Esse fenômeno gera um flywheel natural de go-to-market que flui organicamente. A ferramenta se torna emocional, attached à comunidade, criando uma engrenagem natural que é muito difícil de replicar através de "engenharia" tradicional de marketing.

Múltiplos e Comparações: História do Amanhã

O IPO da Figma está sendo precificado entre 13-15x receita, contrastando dramaticamente com aquisições contemporâneas. Na mesma semana, a Totvs comprou a Linx por múltiplo de 2.7x receita.

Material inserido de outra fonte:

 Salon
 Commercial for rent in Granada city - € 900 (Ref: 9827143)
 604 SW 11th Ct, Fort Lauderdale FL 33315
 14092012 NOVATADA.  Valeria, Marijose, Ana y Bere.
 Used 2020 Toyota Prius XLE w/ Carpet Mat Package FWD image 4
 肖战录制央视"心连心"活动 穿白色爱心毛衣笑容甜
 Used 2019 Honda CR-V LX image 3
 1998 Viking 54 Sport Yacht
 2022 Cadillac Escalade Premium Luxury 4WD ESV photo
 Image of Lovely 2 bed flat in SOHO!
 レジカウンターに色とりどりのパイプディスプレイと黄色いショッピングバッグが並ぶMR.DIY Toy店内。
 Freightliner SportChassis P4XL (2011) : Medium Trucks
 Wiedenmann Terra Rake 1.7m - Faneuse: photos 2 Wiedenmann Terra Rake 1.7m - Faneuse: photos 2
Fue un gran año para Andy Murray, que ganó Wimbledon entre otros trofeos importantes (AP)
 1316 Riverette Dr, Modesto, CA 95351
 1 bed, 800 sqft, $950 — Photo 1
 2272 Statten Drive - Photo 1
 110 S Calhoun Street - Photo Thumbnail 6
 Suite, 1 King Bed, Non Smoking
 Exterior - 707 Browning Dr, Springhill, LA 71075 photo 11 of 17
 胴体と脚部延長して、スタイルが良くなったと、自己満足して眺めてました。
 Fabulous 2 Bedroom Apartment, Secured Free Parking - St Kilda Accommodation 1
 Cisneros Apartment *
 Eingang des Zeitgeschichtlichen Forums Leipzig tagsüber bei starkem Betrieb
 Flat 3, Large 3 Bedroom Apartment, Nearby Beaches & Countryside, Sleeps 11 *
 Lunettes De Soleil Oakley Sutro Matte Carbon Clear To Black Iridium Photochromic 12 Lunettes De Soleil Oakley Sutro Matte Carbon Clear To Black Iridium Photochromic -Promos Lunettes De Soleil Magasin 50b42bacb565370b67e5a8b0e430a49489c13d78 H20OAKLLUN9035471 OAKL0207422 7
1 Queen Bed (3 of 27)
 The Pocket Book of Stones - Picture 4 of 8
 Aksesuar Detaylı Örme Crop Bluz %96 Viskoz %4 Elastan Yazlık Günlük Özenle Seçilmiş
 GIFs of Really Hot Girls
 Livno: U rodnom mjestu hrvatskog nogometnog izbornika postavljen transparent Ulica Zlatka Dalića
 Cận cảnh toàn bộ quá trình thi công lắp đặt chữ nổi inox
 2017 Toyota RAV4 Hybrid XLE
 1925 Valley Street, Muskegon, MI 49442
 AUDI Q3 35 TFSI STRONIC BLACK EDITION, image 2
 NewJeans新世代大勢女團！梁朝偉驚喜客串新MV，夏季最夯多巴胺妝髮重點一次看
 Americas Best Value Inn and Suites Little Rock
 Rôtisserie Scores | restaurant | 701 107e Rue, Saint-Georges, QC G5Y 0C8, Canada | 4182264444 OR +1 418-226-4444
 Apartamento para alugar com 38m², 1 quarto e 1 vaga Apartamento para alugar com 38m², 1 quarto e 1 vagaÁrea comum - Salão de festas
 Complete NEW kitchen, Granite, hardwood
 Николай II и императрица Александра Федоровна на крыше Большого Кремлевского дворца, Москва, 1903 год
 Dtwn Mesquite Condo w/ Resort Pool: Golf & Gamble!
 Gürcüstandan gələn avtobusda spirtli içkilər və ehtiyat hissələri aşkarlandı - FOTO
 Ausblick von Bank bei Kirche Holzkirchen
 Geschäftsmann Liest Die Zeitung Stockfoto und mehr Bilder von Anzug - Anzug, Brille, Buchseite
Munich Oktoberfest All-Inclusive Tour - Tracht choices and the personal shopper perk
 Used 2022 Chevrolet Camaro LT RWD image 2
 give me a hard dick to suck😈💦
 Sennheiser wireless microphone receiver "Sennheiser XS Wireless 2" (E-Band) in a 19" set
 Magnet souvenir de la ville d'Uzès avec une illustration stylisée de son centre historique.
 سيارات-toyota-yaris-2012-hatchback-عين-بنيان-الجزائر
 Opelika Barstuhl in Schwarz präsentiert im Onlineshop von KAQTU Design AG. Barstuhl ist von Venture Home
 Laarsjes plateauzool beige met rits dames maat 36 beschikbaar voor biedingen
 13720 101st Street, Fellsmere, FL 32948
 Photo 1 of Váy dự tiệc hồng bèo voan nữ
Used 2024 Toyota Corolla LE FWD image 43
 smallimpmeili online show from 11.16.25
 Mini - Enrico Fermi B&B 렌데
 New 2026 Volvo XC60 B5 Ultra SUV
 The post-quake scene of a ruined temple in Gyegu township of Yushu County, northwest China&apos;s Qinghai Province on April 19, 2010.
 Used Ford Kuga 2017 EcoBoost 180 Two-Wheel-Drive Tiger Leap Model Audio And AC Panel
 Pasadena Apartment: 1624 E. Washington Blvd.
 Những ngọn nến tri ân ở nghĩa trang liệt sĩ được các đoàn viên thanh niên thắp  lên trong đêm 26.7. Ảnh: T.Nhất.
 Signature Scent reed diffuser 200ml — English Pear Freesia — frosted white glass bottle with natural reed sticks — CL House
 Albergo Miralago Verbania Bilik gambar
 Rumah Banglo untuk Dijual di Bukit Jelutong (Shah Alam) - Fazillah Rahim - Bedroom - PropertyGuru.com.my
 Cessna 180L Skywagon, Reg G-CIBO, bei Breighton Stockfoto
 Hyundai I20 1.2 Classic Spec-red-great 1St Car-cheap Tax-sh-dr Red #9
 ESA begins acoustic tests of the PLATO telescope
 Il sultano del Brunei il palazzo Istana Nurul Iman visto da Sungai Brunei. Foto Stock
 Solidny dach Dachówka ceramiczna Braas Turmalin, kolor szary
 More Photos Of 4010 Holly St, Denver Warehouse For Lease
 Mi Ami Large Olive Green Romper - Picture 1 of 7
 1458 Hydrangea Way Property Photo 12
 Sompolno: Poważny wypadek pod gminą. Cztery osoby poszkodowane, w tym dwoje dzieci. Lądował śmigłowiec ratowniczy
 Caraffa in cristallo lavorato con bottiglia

Por que essa diferença abissal?

A resposta está na frase do Morgan Housel: "O valor de uma empresa são os números de hoje multiplicados pela história do amanhã."

A Figma representa um mercado sendo criado, enquanto outras aquisições representam consolidação de mercados maduros.Quando olhamos para a proposta da Adobe em 2022 (avaliando a Figma em 50x receita), os múltiplos atuais parecem conservadores. Se a empresa mantiver o crescimento de 45% ao ano, ficará "

barata" rapidamente.

Bitcoin

Um detalhe curioso: a Figma investiu $60 milhões em Bitcoin. Considerando que boa parte das receitas são globais e a empresa tem capilaridade mundial impressionante, isso demonstra uma estratégia sagaz de independência cambial. Não ficar dependente apenas do dólar em um contexto de incertezas econômicas globais faz sentido estratégico.


O caso da Figma mostra que excelência operacional em SaaS não significa queimar caixa sem controle ou crescer a qualquer custo. Pelo contrário, é possível escalar com eficiência, manter margens altas, apresentar retenção sólida e ainda ter uma base ativa que sustente a expansão. É o benefício de ser um líder de categoria.

A combinação de produto com tração orgânica, penetração corporativa e disciplina financeira faz da Figma um exemplo raro e valioso no universo de software. Mais importante ainda: a empresa conseguiu isso sendo líder de categoria, criando um novo mercado ao invés de disputar um existente.